El día que fui racista

Protesta ante las puertas del Hospital Provincial de Zaragoza por las agresiones del domingo.
Protesta ante las puertas del Hospital Provincial de Zaragoza por las últimas agresiones.
Guillermo Mestre

Cuando nació mi segundo hijo y me subieron a planta desde el paritorio descubrí que me tocaba compartir habitación con una chica gitana. Y no me gustó.

En realidad, fue algo más. Me pareció una desgracia supina, lo que me faltaba después del estrés y el cansancio del parto. Un horror, vamos, porque seguro que esa gente me iba a amargar los primeros días con mi bebé. Eso pensé.

Me descubrí cargada de prejuicios hacia aquellas personas a las que no conocía de nada y a las que no di ni una oportunidad.

Y hoy lo confieso con verdadera vergüenza, porque enseguida descubrí cómo de equivocada estaba. La familia con la que compartí habitación son de la gente más amable con la que me he cruzado en la vida. Por la habitación solo pasaron el padre del bebé y marido de la parturienta, y los cuatro abuelos. Se llamaban la atención si creían que levantaban la voz, me pedían disculpas si la recién nacida lloraba, procuraban no encender la luz del baño de noche para no molestarnos. Aquellos gitanos, vendedores de mercadillo, eran gente estupenda de los que me acuerdo muchas veces.
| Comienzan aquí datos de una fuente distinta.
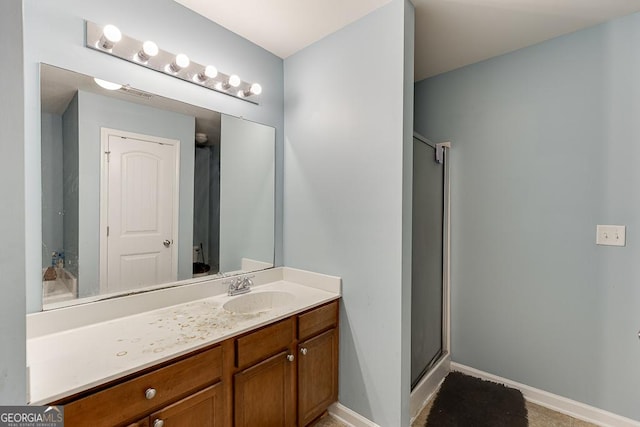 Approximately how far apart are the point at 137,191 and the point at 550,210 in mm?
2551

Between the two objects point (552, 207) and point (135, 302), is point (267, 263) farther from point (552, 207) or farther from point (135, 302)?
point (552, 207)

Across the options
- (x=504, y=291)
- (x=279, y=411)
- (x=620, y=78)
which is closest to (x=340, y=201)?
(x=279, y=411)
Y deseo de verdad que la vida les haya tratado muy bien y que sigan felices allá donde vivan.

Les cuento esto, porque me han indignado mucho los comentarios que he escuchado y leído estos días tras la agresión sufrida por dos auxiliares del Hospital Provincial. El ataque a esas dos profesionales sanitarias no tiene disculpa ninguna, y quienes lo cometieron son mala gente. Pero relacionar su violencia y su incivismo con su etnia es un injusto acto de racismo. Igualito que el que yo cometí.